EBW can produce deep, narrow, almost parallel-sided welds with low total heat input and relatively narrow heat-affected zones. The depth-to-width ratio can be as high as 30:1 in some cases. The low energy input allows welding close to heat-sensitive components. Also, projecting the electron beam makes it possible to weld in otherwise inaccessible locations.

Though equipment costs are high, indirect savings can result from reduced joint-preparation costs, ability to weld in a single pass, high welding speed, and low distortion. However, the process can only be used to produce a tight butt or lap joint.

Laser-beam welding (LBW): Fusion is obtained by directing a concentrated beam of coherent light to a very small spot. Laser beams combine low heat input with an intensity greater than the electron beam. Since the heat is provided by a beam of light, there is no physical contact between the workpiece and welding equipment. Welds can be made through transparent materials.

LBW is flexible because the laser beam can be moved under digital control to seam weld any shape. Laser welding plays an important role in microelectronics and light-gauge metal-welding applications that require precise welding control.

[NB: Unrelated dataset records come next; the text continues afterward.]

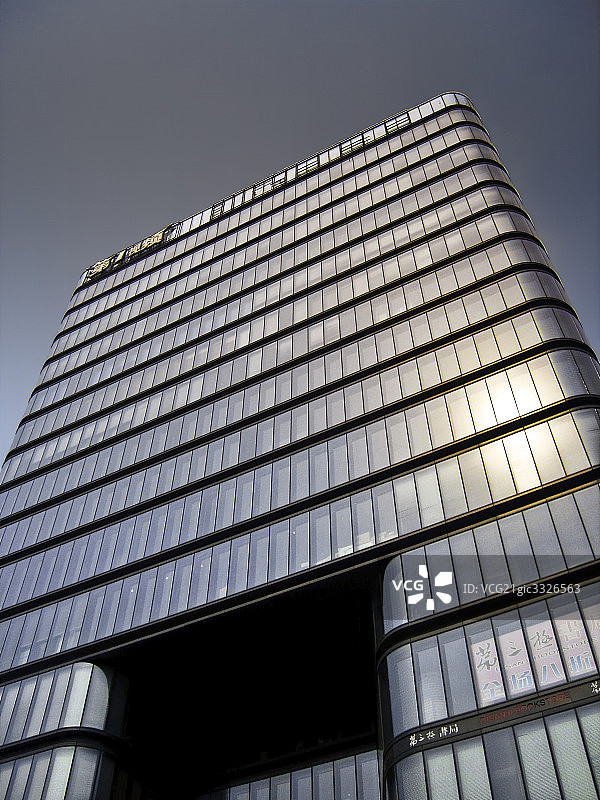 北京，城市风光图片素材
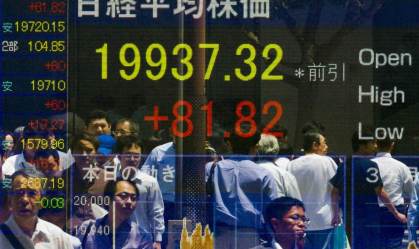 Bolsas da Ásia fecham em baixa, à espera de dados macroeconômicos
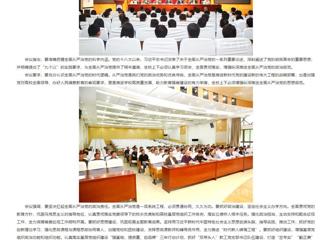 安博在线(中国)唯一官方网站：安博在线(中国)唯一官方网站要求“七个抓好” 深入推进全面从严治党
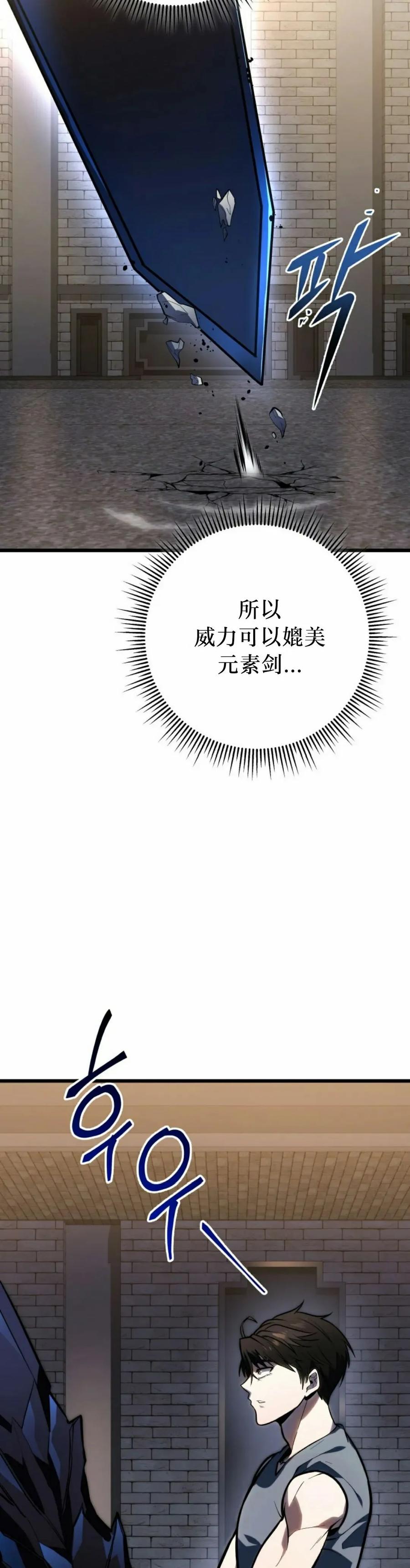 屠龙者回归 - 第46集 - 第45张图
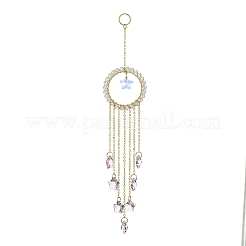 Стеклянные подвески в виде звезд&nbsp;HJEW-JM01113-02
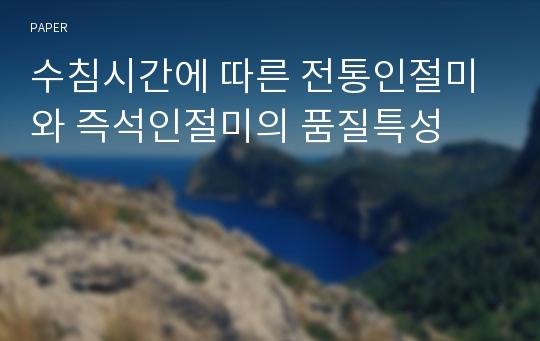 수침시간에 따른 전통인절미와 즉석인절미의 품질특성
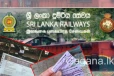 හෙට සිට දුම්රිය ආසන වෙන් කරන වේලාව වෙනස් වෙයි. - වෙනස් වූ වේලාව මෙන්න. (UPDATE / PHOTO)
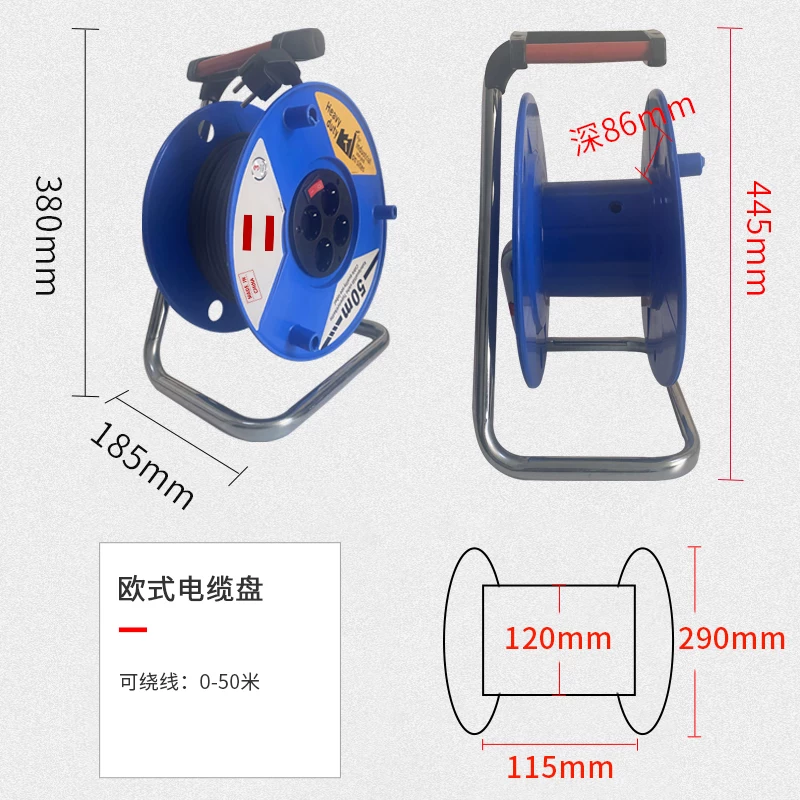 Outdoor cable reel 20m 30m 50m - Outdoor Power Reel ulasan dan harga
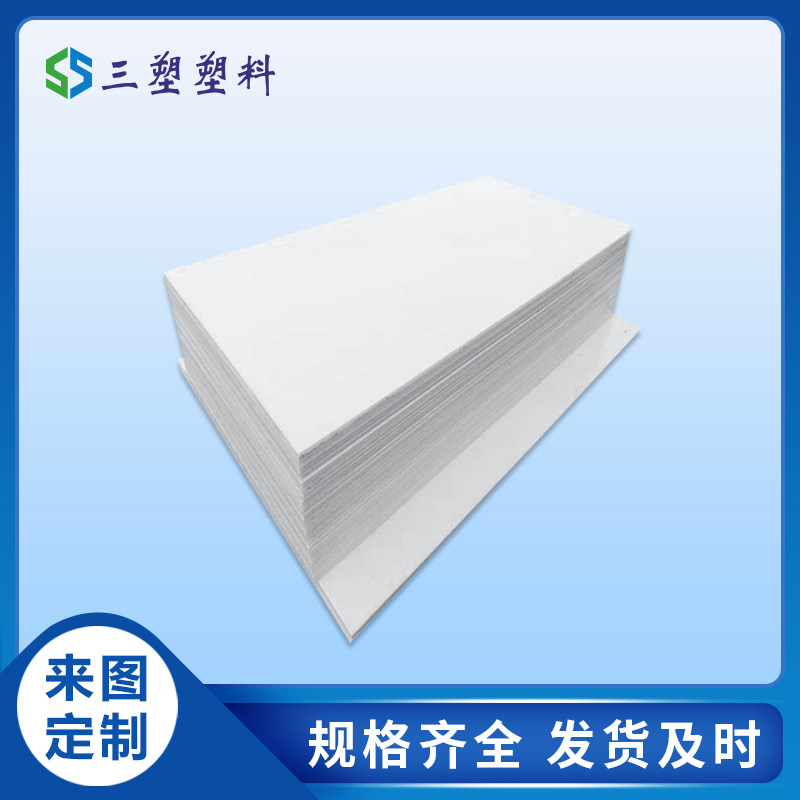 包覆工作台防水板 耐磨聚乙烯板 易清洗可重复利用工作台面pe板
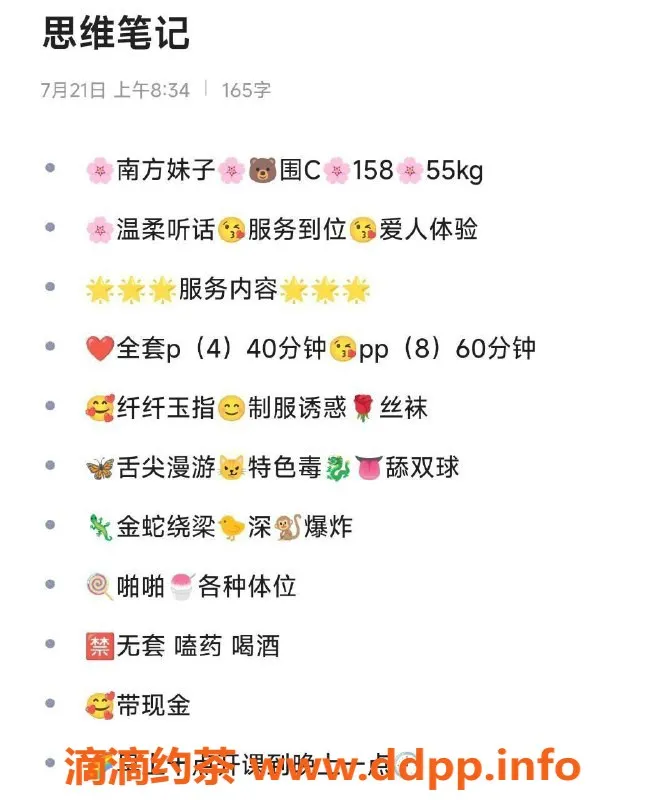 南京楼凤资源信息,南京雨花区如烟，温柔细腻的完美体验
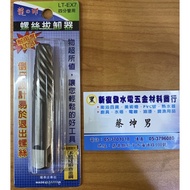 [New Reissue] Longzhiyin Screw Extractor Tooth Reverse For Four-Point Pipe Six-Point Water Electrici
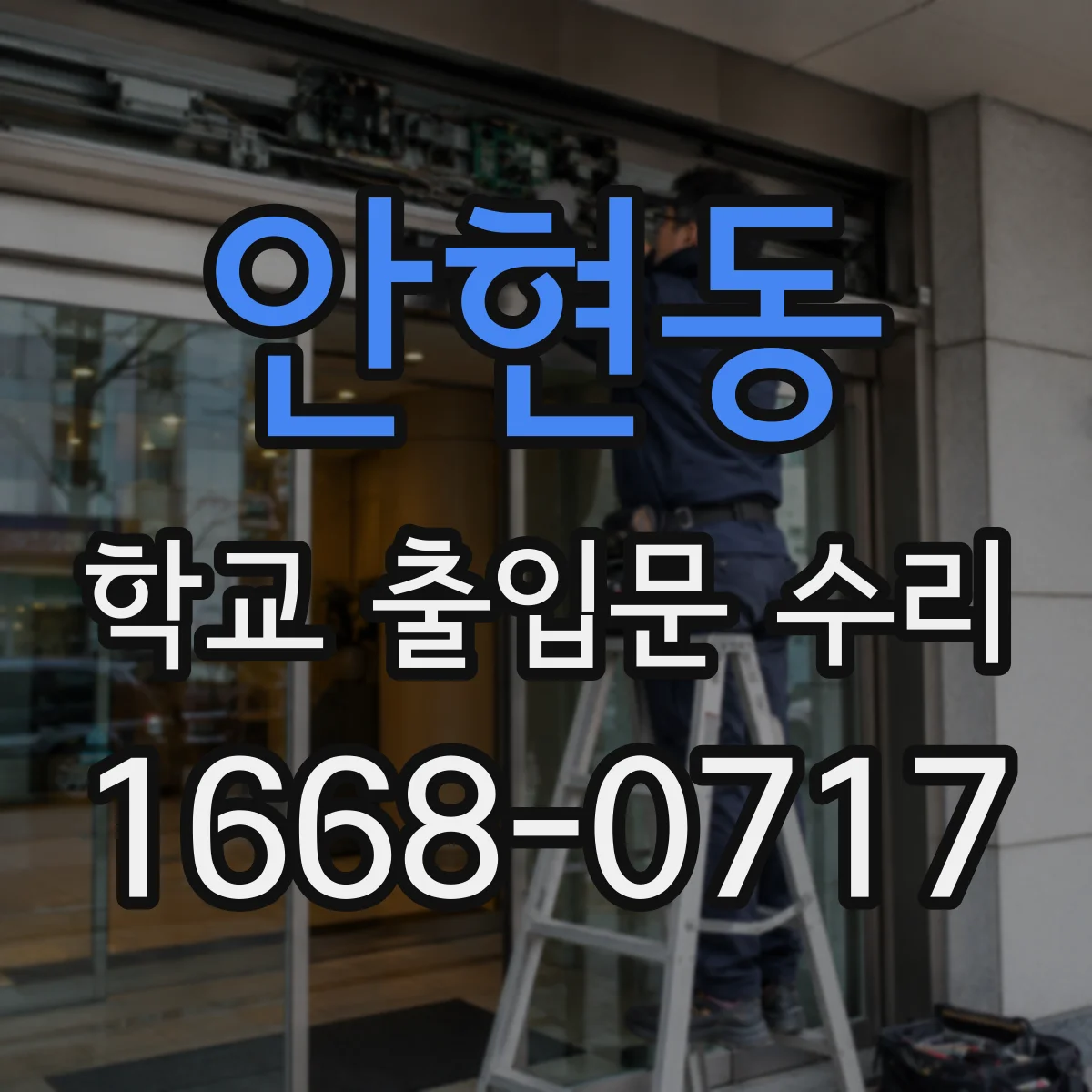 안현동 학교 출입문 수리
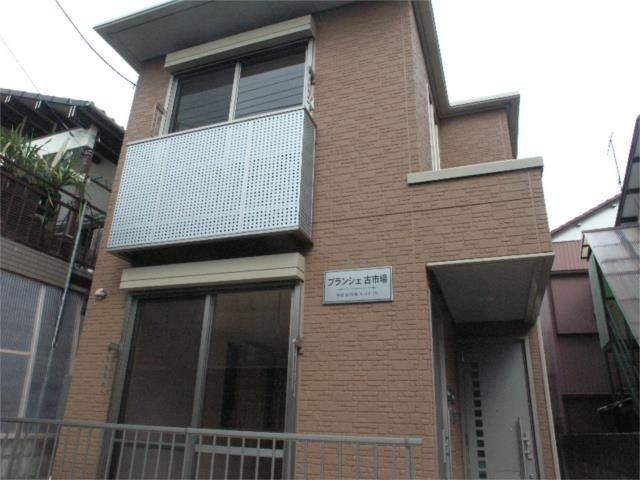 ブランシェ古市場の外観画像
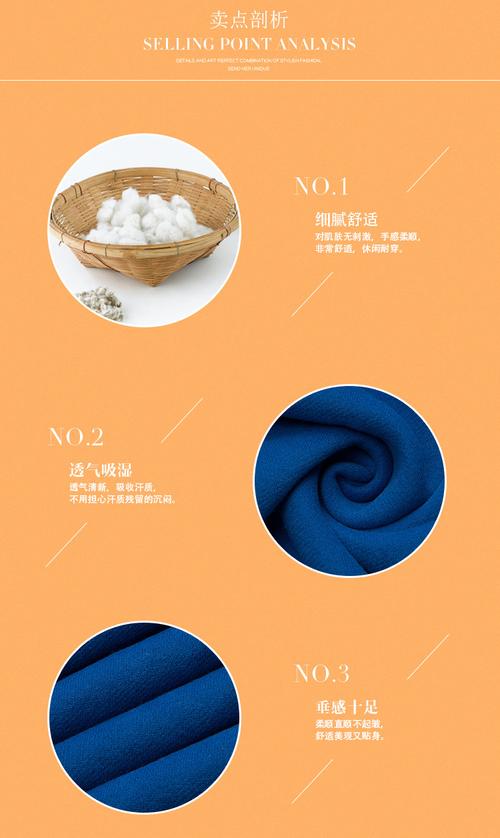 品質(zhì)標(biāo)準(zhǔn) 中國紡織行業(yè)標(biāo)準(zhǔn)(fz) 經(jīng)緯編 緯編 成分及含量 60%棉40%滌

LBW can be used with a variety of metals, including low-alloy and stainless steels, aluminum alloys, lead, titanium, refractory metals, and high-temperature alloys. It vaporizes the metal at the laser's point of focus, producing a deep penetration column of vapor. The vapor column is surrounded by a liquid pool, which is moved along the joint to produce welds with depth-to-width ratios greater than 8:1. However, speeds may be low in seam welding because the welds actually consist of a series of overlapping spot welds.

Certain characteristics of lasers can affect the costs of applying a system. Joint preparation and fixturing costs may be higher because lasers require close joint fit. However, filler material and edge machining are not used, so joint finishing costs are saved. The time it takes to load and unload parts is reduced because laser welding is done in an open atmosphere. Also, initial equipment costs normally are higher than those for conventional welders, but operating costs are comparable or lower.

Electroslag welding (ESW): Heat for ESW is provided by an electrically conductive molten slag that is resistance heated by the welding current. Electrodes are fed continuously into this molten pool of slag at temperatures over 3,200°F.

Electroslag welding is suitable for welding joints in thick metal plates because the weld pool is confined and molded by copper dams. However, electroslag welds must be completed in one continuous process. Restarting a weld after a stop can result in a large discontinuity. ESW tends to produce a large grain size because of the large mass of metal that is molten at a given time and the slow cooling of the metal.

Solid-state welding techniques include:

Inertia welding:This is one of the few solid-state welding processes that have been generally accepted by industry. Kinetic energy of a flywheel is converted to heat by friction between the workpieces. One part to be joined is fixed; the other is clamped in a spindle chuck. The flywheel (to which the movable part is attached) is accelerated, and at a predetermined speed driving power is cut, and the parts are forced together.

The major limitation of the process is that one of the two parts to be joined must be axially symmetric. But inertia welding has few of the material and part cleanliness limitations of other solid-state welding techniques.

Inertia-welding advantages include fast, uniform production welds, clean operation, low energy costs, and minimum labor skill required. The amount of upset of parts can be controlled to close tolerances, and a complete-interface weld can be obtained.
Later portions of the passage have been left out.